Third, a “power over” view of power leads people to overlook the positive role that power plays in mobilizing people and resources to get things done. If members of an organization define power as “accomplishment” rather than “domination,” nonproductive and personally destructive power games are less likely. But because the “domination” view of power is a taken-for-granted assumption in Western societies, it is difficult for people to change their frame of reference. The shift can happen, but only through understanding how communication, power, and politics are interrelated.
The final problem with “sovereign” views is that they focus on only the overt, conscious level of power. We will call this level the surface structure of power.3 It has two dimensions. One involves an open face that is composed of overt displays of power – threats, promises, negotiations, orders, coalitions, gag rules, and so on. The second dimension of the surface structure of power is its hidden face. This face works by regulating public and private issues. In organizational life, employees must often make difficult decisions about when and how to challenge power holders. Newcomers soon learn that some issues are not to be discussed in public; some potential solutions are not to be considered openly; and some arguments are not to be made. Open discussions are limited to safe topics (those that power holders are willing to have discussed in public), acceptable alternatives, and unofficially sanctioned premises for making decisions. As a result of these regulatory processes, consensus in open discussions is the rule, not the exception. When disagreements are voiced they tend to be over minor issues and serve the purpose of perpetuating the myth that open, rational, and objective decision making exists in the organization. If individuals violate these constraints, they may either be ignored or attacked by the rest of the group. If they persist they will be “educated” by an unofficial tutor. If they cannot be educated, they may be removed.

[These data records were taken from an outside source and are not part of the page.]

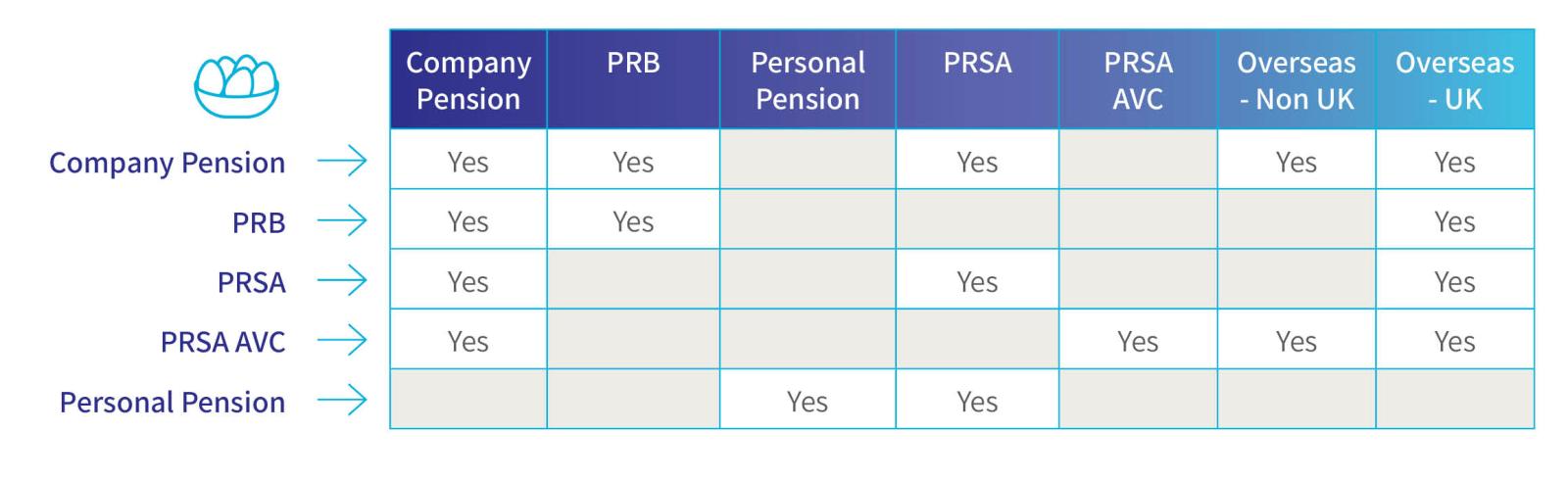 Pre-Retirement-transfer-out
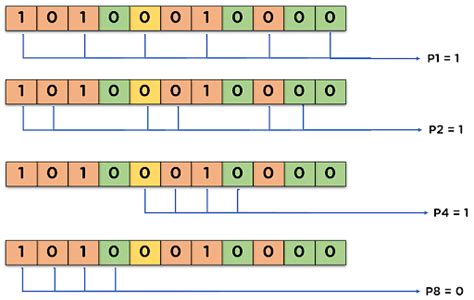 What Is Hamming Code Technique To Detect And Correct Errors Simplilearn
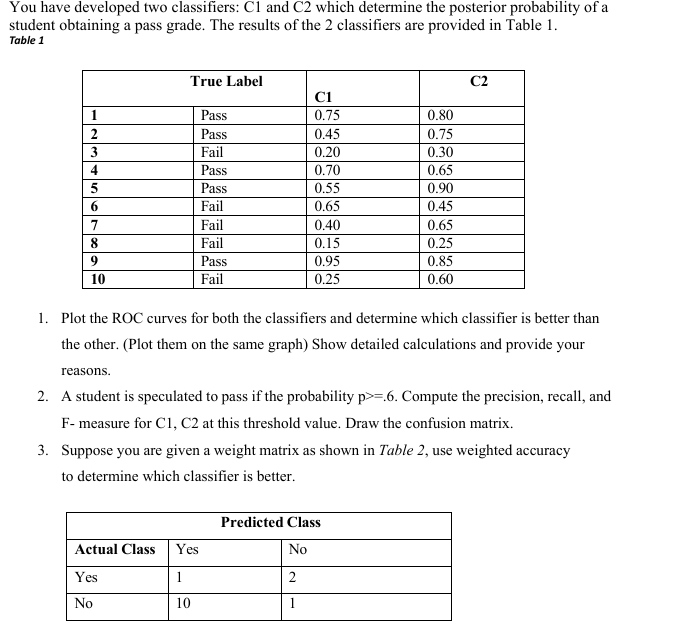 You have developed two classifiers: C 1 and C 2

But, power also has a second level, a deep structure that operates below employees’ conscious awareness. Throughout this book, we have discussed the processes through which the taken-for-granted assumptions of a society guide and constrain employees’ actions. People act in ways that they have learned are normal and natural and usually do so without being aware of it. A society’s taken-for-granted assumptions tell people who they are, what their role is in society, and where they fit in the formal and informal hierarchies that constitute their society. It is through these nonconscious parameters of action that power normally is exercised. Usually employees never realize that these societal assumptions are part of organizational power relationsh...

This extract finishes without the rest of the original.